Reasons a Judge May Deny an Eviction in Michigan
Michigan landlord-tenant law, M.C.L. § 600.5720, specifies defenses a tenant may raise which may prevent an eviction judgment from being entered by the judge. If, at an eviction hearing, the judge finds any of the following situations to be true, the judge will not enter a judgment in favor of the landlord (this means that the judge will not make the tenant move out of the rental property when the landlord is trying to evict the tenant).
A judge may throw out an eviction if the landlord is evicting the tenant in retaliation against the tenant’s attempt to enforce the tenant’s legal rights under the lease or rental agreement, or other laws—for example, if the tenant reported a health or safety violation to authorities, or exercised a lawful act, such as joining a tenant organization.
No Cause (Public Housing)
The judge will not order the tenant to move out of rental property that is operated by local government (Section 8, or HUD, housing) if the judge finds no cause for the eviction. There are specific reasons why a landlord may evict a tenant from Section 8 housing such as repeated lease violations, a history of disturbances to other families, or use of the rental property for anything other than a family home. These reasons for a landlord to evict a tenant are known as “cause” to evict the tenant.

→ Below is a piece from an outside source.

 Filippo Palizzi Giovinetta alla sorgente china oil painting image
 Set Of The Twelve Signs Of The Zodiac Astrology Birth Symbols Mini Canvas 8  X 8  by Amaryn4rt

Increased Tenant Obligations
If the landlord attempted to increase the tenant’s obligations under the lease or rental agreement and the tenant’s failure to comply with the changed terms was the basis for the eviction, a judge will also not enter a judgment in the landlord’s favor. Examples of how a landlord may attempt to increase a tenant’s obligations include increasing the tenant’s monthly rent (without a provision in the lease allowing the landlord to do so), or requiring the tenant to perform certain maintenance or repairs (without having this responsibility agreed to in the lease or rental agreement).
Self-Help or Improper Eviction
Finally, a judge may deny a landlord’s request for an eviction of the tenant if the landlord used prohibited self-help measures like changing the locks on the rental property, or if the landlord is discriminating against the tenant—for example, by trying to evict the tenant for having a pet when the pet is a certified service animal for a tenant with a disability.
A judge may also deny a landlord’s request for an eviction if the judge finds the landlord did not provide proper notice or service of the summons and complaint on the tenant.